Last May, pirates chased a U.S. Navy warship and fired small arms fire at it. The ship, which had recently served as a prison for captured pirates, increased speed and evaded the attack. French and Dutch naval ships also have been attacked by pirates, said Roger Middleton, a piracy expert at the British think tank Chatham House.

"If you think of the kind of young men who are doing this, they go out into the middle of the ocean in a tiny boat. They might not always make rational decisions, and they often attack things that are bigger than they should (attack)," said Middleton.

"It's also quite possible that they don't have a full understanding of the targets they are attacking. Perhaps they just see a big ship they think is a worth a lot of money," he said.

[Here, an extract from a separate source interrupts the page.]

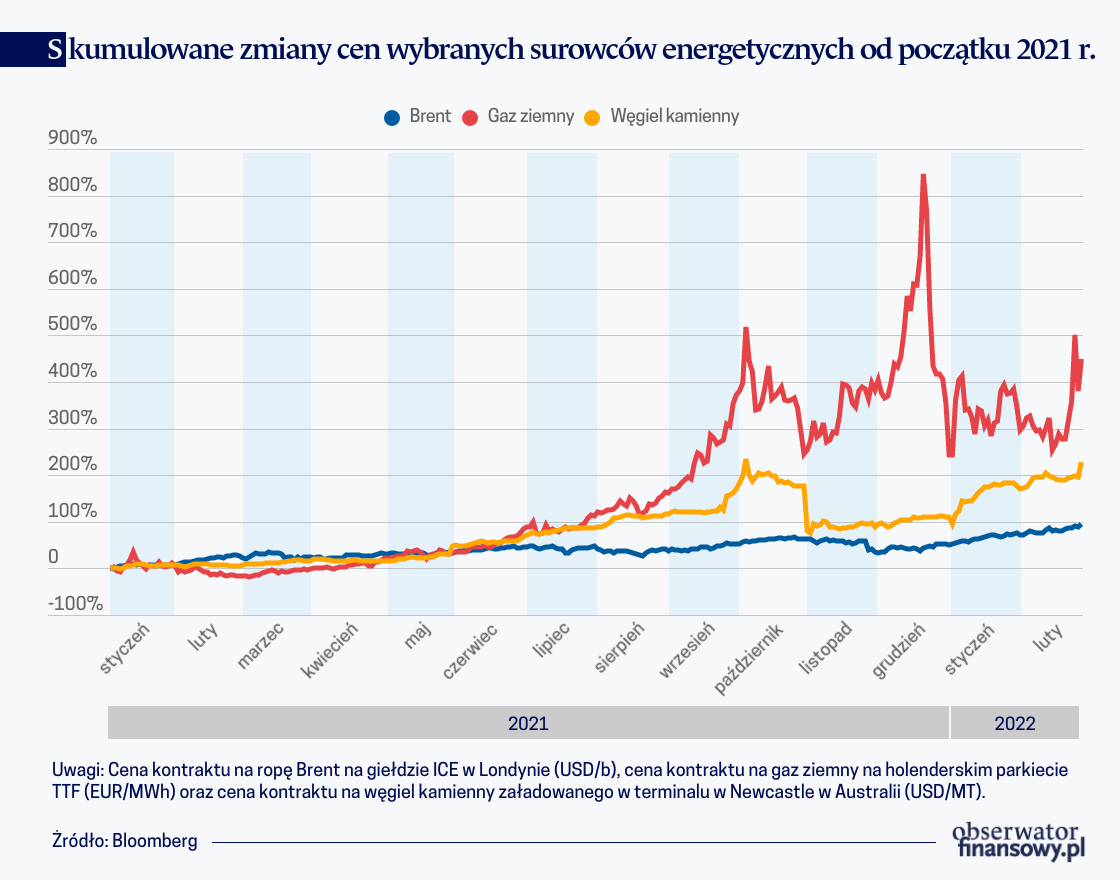 Napięta sytuacja na rynku surowców energetycznych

The ammunition and fuel recovered from the skiff will be crucial evidence once the pirates go to trial, as often times pirates throw their guns and ammo overboard before they are captured so as to dispose of the evidence and then claim they were just out fishing.

Thursday's attack came just shy of a year since pirates attacked the U.S.-flagged Maersk Alabama and took American Richard Phillips hostage. Phillips was rescued five days later when Navy SEAL snipers shot three pirates in a lifeboat.

The U.S. Africa Command said the five pirates seized Thursday would remain in U.S. custody on board the frigate for now. The Nicholas is home-ported in Norfolk, Va.

Experts say piracy will continue to be a problem until an effective government is established on Somalia's lawless shores. The country has not had a functioning government for 19 years.

Meanwhile, the Taiwan government said it fears a Taiwanese fishing boat may have been hijacked by pirates off the Somali coast. Officials lost contact with the 79-ton Jih-chun Tsai 68 fishing trawler on Wednesday.

TO


----------



## Messy1 (Apr 1, 2010)

_"It's also quite possible that they don't have a full understanding of the targets they are attacking. Perhaps they just see a big ship they think is a worth a lot of money," he said._

That is the huge understatement, found that part very funny.


----------



## Colin1 (Apr 1, 2010)

I think that's called
taking a tiger by the tail


----------



## ToughOmbre (Apr 1, 2010)

Colin1 said:


> I think that's called
> taking a tiger by the tail



Or just plain stupid! 

Maybe next time they'll go after a carrier.

TO


----------



## Gnomey (Apr 1, 2010)

Wouldn't surprise me if they just went after whatever big ship they saw in the area. Can't say they are the brightest of sparks.


----------



## Micdrow (Apr 1, 2010)

ToughOmbre said:


> Or just plain stupid!
> 
> Maybe next time they'll go after a carrier.
> 
> TO



Now that would be funny if they tried that. What the heck they think would happen when they fired on a US Warship?


----------



## Messy1 (Apr 1, 2010)

Funnier would be to see them go after a Sub.


----------



## Catch22 (Apr 1, 2010)

I find this story hilarious! "Hey, there's a big ship, couldn't possibly hurt us, let's attack it!" "Good idea!"


----------



## RabidAlien (Apr 1, 2010)

About that third ship that managed to disappear, which the USS Nichols has no idea where it went....might I suggest "downwards"?


----------



## vikingBerserker (Apr 1, 2010)

and the stupid shall be punished.


----------



## Messy1 (Apr 2, 2010)

Just too damn funny. I would have like to see the look on the pirates faces when the Navy started firing back at them!


----------



## RabidAlien (Apr 3, 2010)

Pirates might want to look into investing in one of these: Amazon.com: Janes Fighting Ships 2010 2011 (Jane's Fighting Ships) (9780710629203): Stephen Saunders: Books


----------



## CharlesBronson (Apr 4, 2010)

> Pirates might want to look into investing in one of these



I can already imagine, I pirate sporting an AK-47 with some grenades an the other with a binocular and the Janes book. 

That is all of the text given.